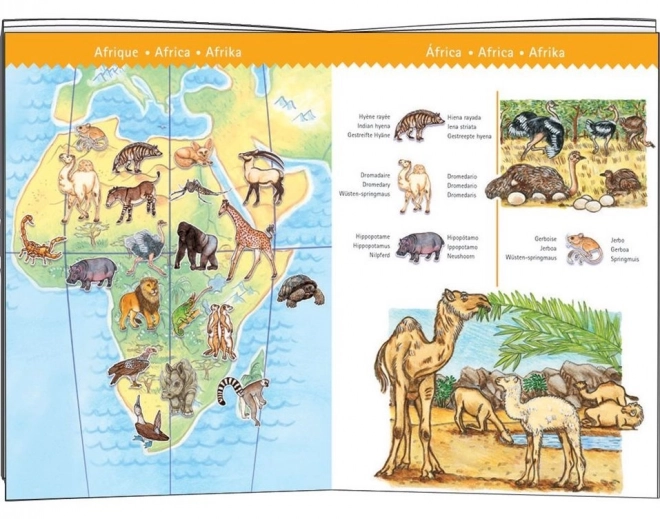 Puzzle observație animale din întreaga lume 100 piese de la Djeco
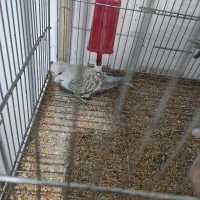 مرغ عشق انگلیسی|پرنده|رشت, باهنر|دیوار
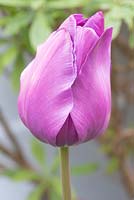 Tulipa 'Purple Prince' - vue rapprochée d'une seule floraison fermée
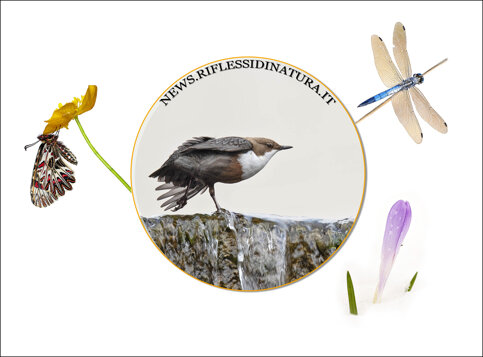 6ca54f2f-da7c-423d-a84a-09cd175f078f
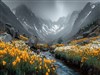 Daffodil Valley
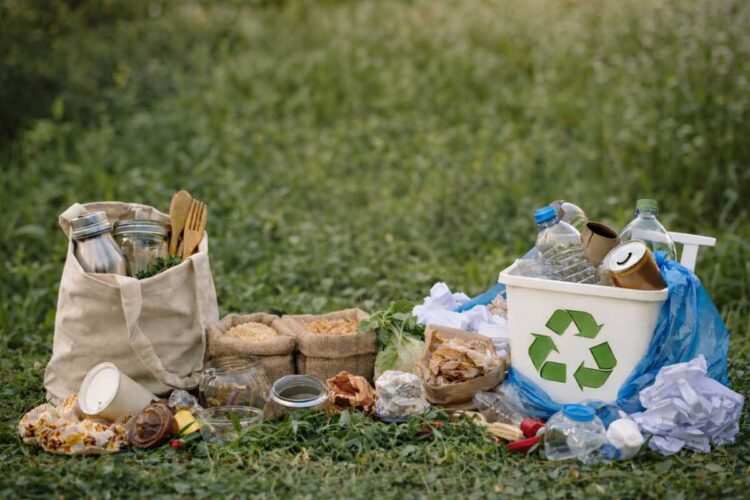 Сегодня отмечается Международный день без отходов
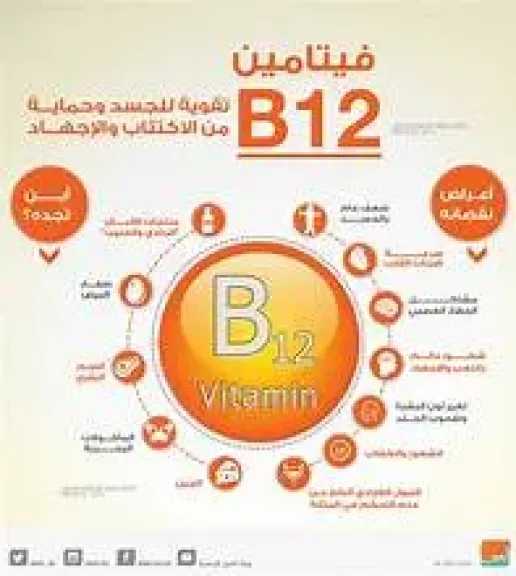الأخبار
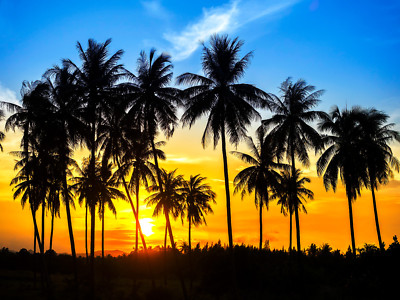 VLIES Fototapete-PALM TREES-(389V)-350x260cm-7Bahnen 50x260-Palmen Meer Sonne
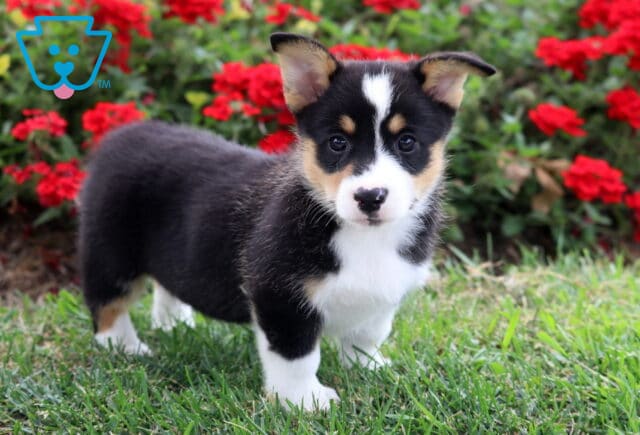 Peach Corgi2 image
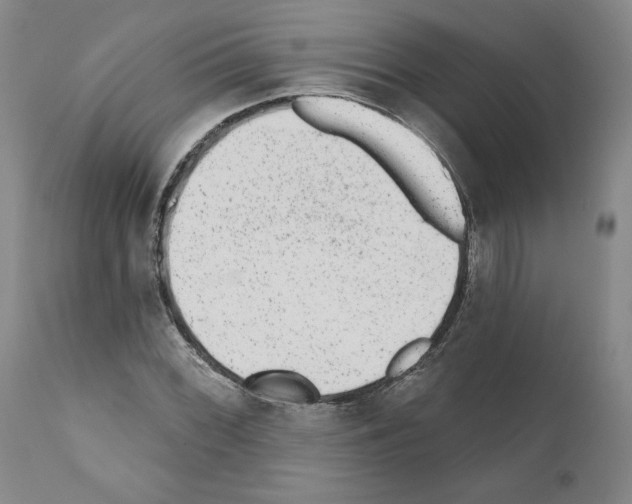 X0000110961068200907311101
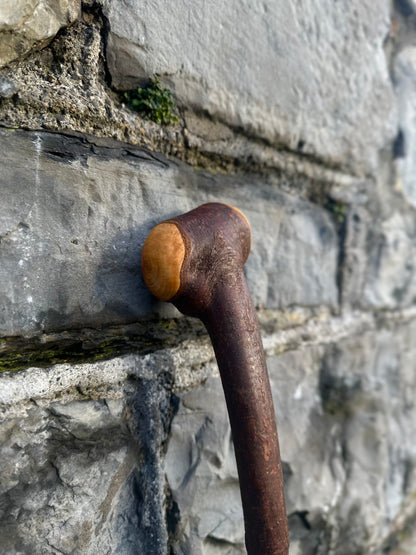 Blackthorn Walking Stick with Tidy Knob Head – 97 cm (38.1”)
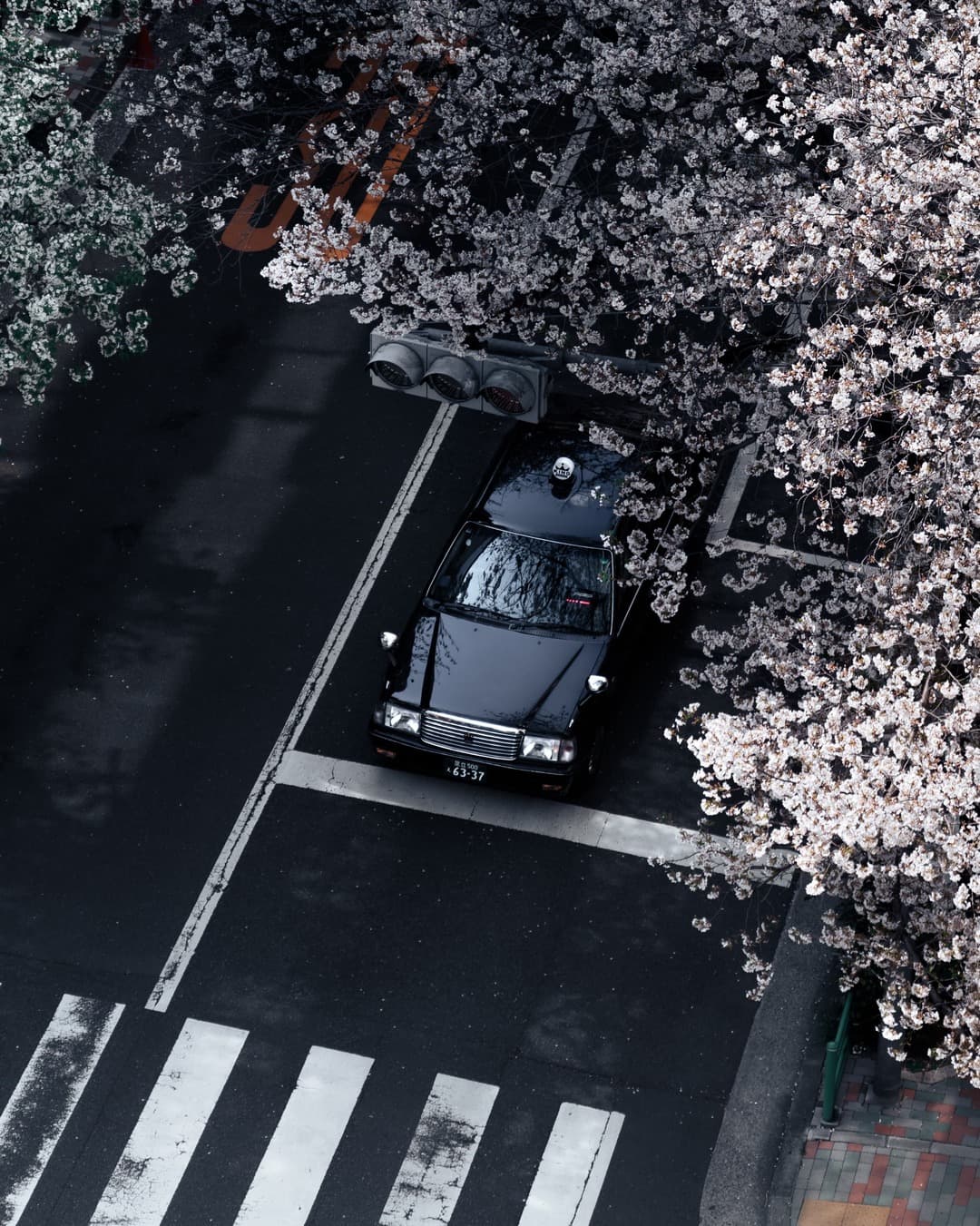 Defining Values：Discovering unseen forms of beauty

#### Your assignment
Make an exact copy of the listing above. Its pictures are not needed.

#### Answer space
 Puzzle observație animale din întreaga lume 100 piese de la Djeco
 مرغ عشق انگلیسی|پرنده|رشت, باهنر|دیوار
 Tulipa 'Purple Prince' - vue rapprochée d'une seule floraison fermée
 6ca54f2f-da7c-423d-a84a-09cd175f078f
 Daffodil Valley
 Сегодня отмечается Международный день без отходов
الأخبار
 VLIES Fototapete-PALM TREES-(389V)-350x260cm-7Bahnen 50x260-Palmen Meer Sonne
 Peach Corgi2 image
 X0000110961068200907311101
 Blackthorn Walking Stick with Tidy Knob Head – 97 cm (38.1”)
 Defining Values：Discovering unseen forms of beauty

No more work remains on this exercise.